Some go through doors and they never come back out. A friend sells all his shit to buy heroin, his stash runs out and he has nothing left to sell, so he hangs himself in his crack den of a room. We were 18. Why some addicts end that way I cannot say. I’m an addict, too, and I don’t like looking too closely at our end times behavior. Knowing I could get that low, that there were days when I was that low, scares me. I’m scared because I know that one day I could abandon the window fantasy entirely and choose to go through a door and end it. And then what happens to my soul? Does it ever leave the room? Maybe that’s why people believe in ghosts. Souls get trapped in a room and weren’t given any options for escape. No one thinks of opening up the windows when they find a body. I know for sure that the soul of an addict on the brink isn’t a nice one. We’re panicked and twitchy. Those ghosts will haunt us all because they never were able to get that final hit. The hit that felt “right.” The hit that made us believe we would never have to use again because we got what we needed from the drugs. Unfortunately that’s not how drug addiction works. As addicts we are never able to fully rest. The body keeps the score, some say, but it’s really the soul that has to stand the test of time, and our souls are relentless fiends. Our bodies will decompose just fine. But a troubled mind does not stop toiling in misery after suicide or an overdose. Energy doesn’t die, only changes forms. 

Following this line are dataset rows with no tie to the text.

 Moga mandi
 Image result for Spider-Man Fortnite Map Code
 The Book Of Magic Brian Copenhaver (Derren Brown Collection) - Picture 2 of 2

I remember when I first did psychedelics aged 16 or so. I was so fucking stupid about it. I thought because I had read Ginsberg and Electric Koolaid Acid Test and hung out with druggy people and had a few dealers in my phone that meant I could explore hidden worlds that other people just didn’t get because they weren’t getting high the way I was getting high. Fuck a door, I am the door. You know how that goes. I was smoking medical weed as an afternoon snack which meant, I believed, that I was living with a sort of temporal ease. Everything was super fluid, super chill, super egotistical. Really egotistical. Of course, when you’re doing drugs at 16 you’re not thinking about a future or that one day a friend you sold Percocet to is gonna die alone in a room. I was not thinking that I needed salvation, or that any of us did for that matter. We listened to Lana Del Rey on cough syrup and that was enough at the time. 


I miss that naivete. A friend sends me a piece of art he made while high that says “I used to feel now I’m just acting.” Ketamine, man. We were all such fucking drug addicts. Now I can’t even open a fucking door. I wonder if that means I’m even alive anymore. Alive in the way I used to be, no, and thank fuck for that. But did my soul leave that window in Berlin? Were the windows open when I took that acid trip in Oregon? When was the last time I took a pill of ecstasy and didn’t contemplate dying? Something along the way has definitely escaped me. I have the hospital bracelets to prove it. I’ve gone through too many windows. Not enough doors. I’ve lived too much. Experienced too little. I play Lana because at least now I know I’m looking for salvation.